What's on Los Angeles | Index


by Jody Zellen

March 28, 2024


Amir Zaki
Nothing to Say
Diane Rosenstein Gallery
February 24 - March 30, 2024


Amir Zaki

Amir Zaki is a Southern California based artist who uses digital photography to scrutinize the natural as well as the built landscape to make pictures in the documentary tradition that transform what actually exists "in the world." He begins by capturing his surroundings with a camera (sometimes also using a GigaPan, a device for stitching many digital images together into one). Using other digital tools, he transforms these images into something other than reality. At first glance, Zaki's photographic images often appear "normal", but upon closer examination something is off — added, subtracted or perhaps both — causing pause and reflection between what is pictured and what is expected. In his series On Being Here, (2022), Zaki architecturally skewed the perspective of piers. For Empty Vessels, (2019) his subject was skateparks where he manipulated the forms to emphasize their bunker like architecture and in Getting Lost, (2018) he illuminated and photographed trees at night, capturing them so they seemed to be in conversation with each other.

In his exhibit Nothing to Say, he presents two new series: Signs and Trees. The photographs in Signs feature outdoor commercial signage devoid of text, presented as architectural monumental structures that jut into the sky. The images that comprise Trees similarly tower into the sky against a variety of cloud filled backgrounds. Looking closely reveals isolated birds nested within the leaves or perched atop the branches.

Taking the title of the show literally — and Zaki's titles do direct the reading of his works — the signage without words does have "nothing to say." Beautician (all works 2023) is an altered Norms Restaurant sign where Zaki has digitally removed the letters— N, O, R, M, S— and replaced each of the original five white shapes that supported the letters with light hues ranging from yellow, cyan and magenta to a soft black.
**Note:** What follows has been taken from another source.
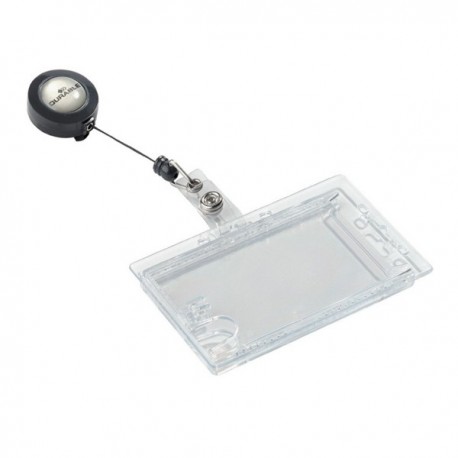 Durable Duo Pass Holder Reel Pk10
The newly colored and empty sign appears sculptural against the sombre yellow-gray sky (the way Los Angeles skies often appear at dawn or dusk). In the lower left hand corner, an airplane appears as a tiny spec flying out of the frame.

The Designer references a Modernist era, Art Deco style sign. Shot from below and looking up at an angle rather than straight on, the photograph features a white pole that rises from the bottom of the image. The pole is bisected by three ovals with orange fronts, above which is a large rectangular box filled with a delicate pattern of small orange dots to the left and empty space to the right where letters would have been. In The Painter, a rusted pole supports six rounded rectangles that at one time advertised a restaurant or business but in Zaki's rendering, the letters are gone and each rectangle has been filled in with a single color: red, green, light orange, cyan, off white and purple, becoming a geometric abstraction against a pale blue sky.

Zaki never depicts the ground or base of the sign, but rather presents them as flattened shapes against the sky. Once the words are removed, Zaki either fills the empty space — inside the signs structure— with sky or opaque colors. Although these signs no longer advertise places or things, they do communicate and engage not only with Zaki's past works, but with the history of art, as well as with the shrinking boundaries between photography and digital technologies.

In addition to the signs, Zaki also displays a series of photographs called Trees. The Trees are named after family members and could perhaps be thought of as portraits or tributes to those close to him. Like the signs, they are shot from below, have no anchors (ground or trunks) and enter from the bottom of the frame where they intersect with an image of the sky. In Dori, Zaki presents a tree with brown, rust and green colored leaves and peeling bark against a light blue sky filled with billowing pink-orange clouds. Sitting on a small branch on the left side of the picture is a solitary bird. Similarly in Mateo, Zaki includes a bird resting on a thin branch at the top of the tree. While it is hard to identify the species, perhaps it is the birds rather than the trees that Zaki is pairing with family members. Nevertheless, though these image are silent, it is possible to imagine the birds singing— perhaps even to the ones that populate the other pictures. Were the birds actually in the trees when Zaki shot the pictures? Probably not, but their presence gives the photographs a surreal aura. While a photograph cannot replicate a birds song, Zaki's juxtapositions, be it birds and trees or wordless signs still communicate. As the tree photographs represent an extended family, and the birds a focal point of each image, it appears that they and Zaki have "something," rather than "nothing" to say.

Zaki is a master at compositing— adding as well as erasing aspects of images he shoots— transforming the observable into something hyperreal, imagined and fantastical. Throughout disparate series, he has converted the natural world as well as the built environment into images and scenes that depict impossible, but believable places. He consistently transforms that which is objective into something subjective, beautiful and unexpected and this is what sets his work apart.